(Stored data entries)
★ ★ ★ ★ ★
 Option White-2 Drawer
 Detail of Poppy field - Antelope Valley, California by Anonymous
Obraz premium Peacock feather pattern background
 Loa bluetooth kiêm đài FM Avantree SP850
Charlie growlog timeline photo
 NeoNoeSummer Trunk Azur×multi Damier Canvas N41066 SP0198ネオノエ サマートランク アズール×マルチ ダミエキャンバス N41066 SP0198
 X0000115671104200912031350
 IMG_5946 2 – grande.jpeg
★ ★ ★ ★ ★
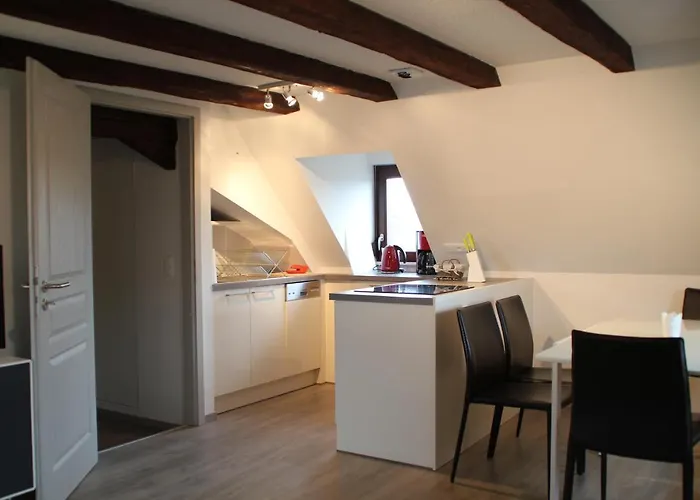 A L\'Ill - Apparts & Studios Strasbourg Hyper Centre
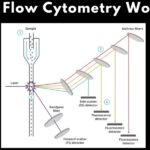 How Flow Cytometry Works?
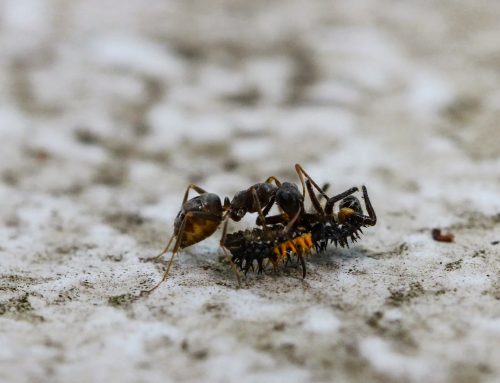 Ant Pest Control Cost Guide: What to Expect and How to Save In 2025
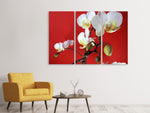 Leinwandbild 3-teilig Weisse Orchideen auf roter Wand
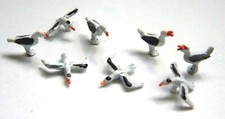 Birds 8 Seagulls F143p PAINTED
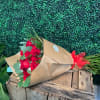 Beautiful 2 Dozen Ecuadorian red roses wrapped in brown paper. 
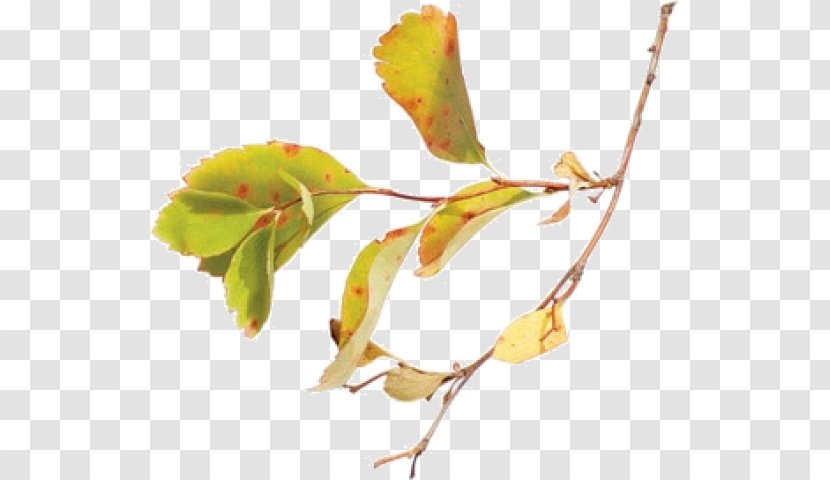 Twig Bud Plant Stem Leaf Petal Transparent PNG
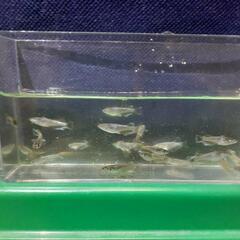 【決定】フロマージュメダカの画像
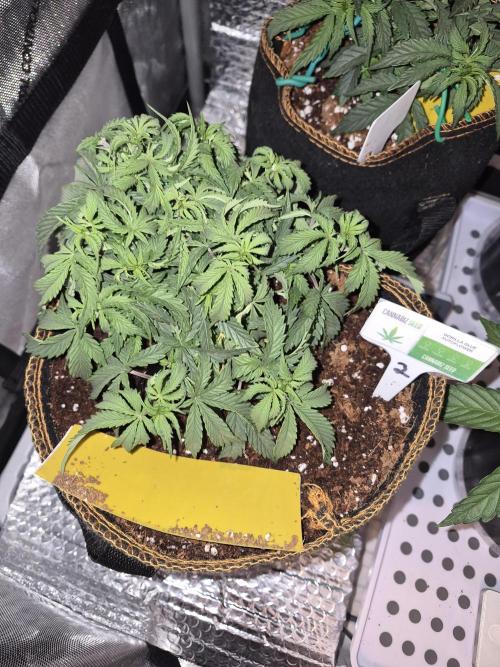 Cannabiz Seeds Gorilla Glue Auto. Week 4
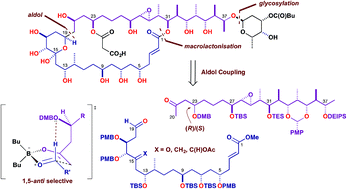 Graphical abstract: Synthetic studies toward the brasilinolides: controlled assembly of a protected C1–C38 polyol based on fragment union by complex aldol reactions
★ ★ ★ ★ ★
= Task description =
Using the entries above, transcribe exactly from the line that has "Ant Pest Control" through the line that has "Cannabiz Seeds Gorilla Glue Auto. Week 4". Pictures are dropped.

= Result of this exercise =
 Ant Pest Control Cost Guide: What to Expect and How to Save In 2025
 Leinwandbild 3-teilig Weisse Orchideen auf roter Wand
 Birds 8 Seagulls F143p PAINTED
 Beautiful 2 Dozen Ecuadorian red roses wrapped in brown paper. 
 Twig Bud Plant Stem Leaf Petal Transparent PNG
 【決定】フロマージュメダカの画像
 Cannabiz Seeds Gorilla Glue Auto. Week 4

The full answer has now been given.